Saturday, September 7, 2019

Halloween 2018






90-Year-Old Halloween Decorations
At Heart Of Ohio Collection

One family has been collecting Halloween art and decorations since the 1920s.
The resulting collection is breathtaking.




LAKEWOOD, OH — When Victoria Orban looks at her walls, covered in every imaginable Halloween decoration, she sees history. She sees family. That's because her exhaustive collection of stickers, faux spider webs, cardboard witches, and other spooky wall-hanging art has been passed from generation to generation in her family.
In the 1920s, in Cleveland, Orban's great-great paternal uncle, Albert Rothacker, and his wife, Elsie, began throwing elaborate Halloween parties. The swinging affairs included matching pumpkins, wall art, and fake skulls, perfect accoutrements for the season. The couple almost assuredly did not know their seasonal ornaments would become family heirlooms.

Those decorations did become precious, passed along to the Rothacker descendants and then their descendants descendants. Now, the oldest pieces are divvied up among the surviving family members. Victoria Orban keeps her great-great aunt's and uncle's spirits alive in her Lakewood house. She also adds her own contemporary decorations to the collection.

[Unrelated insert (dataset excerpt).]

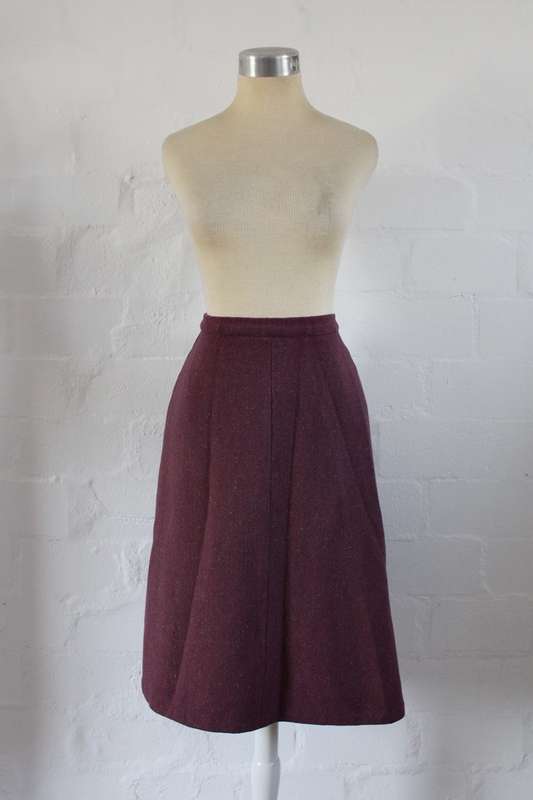 VINTAGE MAUVE PURPLE WOOL A-LINE HIGH WAIST SKIRT - SIZE 10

"It's so cool to know that here we are, all these decades later, and we're doing something they loved to do," Orban said.
Nearly a century later, Orban carries on her family's partying tradition, throwing shindigs each year and going all out in decorating her house with the same decorations her relatives, Albert and Elsie, used. "The oldest decoration we have is dated 1926," Orban told Patch.
In a serendipitous twist, Albert and Elsie dated each decoration they purchased. They jotted down where it came from and when they acquired it. It was a bookkeeping measure that the early Rothackers passed onto their descendants.

Orban said she and the rest of her family now carefully put the same information on the back of each of their decorations. That means there are decades worth of baubles, trinkets, knickknacks and more catalogued in Orban's collection. And each year, Orban and the other surviving Rothackers cover their walls in those Halloween decorations. When the season is over, those decorations are carefully filed away and stored for posterity.
"We're very careful with some decorations. I use special boxes. Nothing gets folded, everything is stacked. It's like a large puzzle," Orban noted. "I keep everything in corresponding size piles. They're delicately wrapped and in boxes without air. I start with the largest and then do the mediums and the smalls."

The Rothacker decorations are spread around houses in Ohio, Florida, Illinois, and Virginia. Each family member has one or two pieces from Albert and Elsie's 1920s collection. Each family member has also augmented their collection with their own flair.
For instance, Orban's decorations are filled with pieces acquired through her familial grocery store connections. Victoria's father and grandfather both worked in grocery stores.
"Working in grocery business, he would take end cap decorations," she said, before noting that buying things up isn't the only way to get the pieces. "We craft things. We acquire things. For instance, Great Lakes Brewing carries Nosferatu. I cut things out from those cases. Even the CVS in Lakewood gave me some of their signage."
Some of the relatives have had to improvise for Halloween. "One of my cousins, when he was on active development for the Navy, decorated his rack in the submarine," Orban said with fond remembrance.

With two little ones of her own, Orban is already looking to the future of this Halloween tradition.
"This is a long-standing family tradition. Halloween is so near and dear to my heart. As we grow our family, I try to get them involved. Looking at how they view these, it's magical," she said. She added that she's already started grabbing up decorations for them and storing them in a separate place. Her children's collections have already begun in earnest — with decorations dated to 2018.

Who knows where those decorations will eventually end up?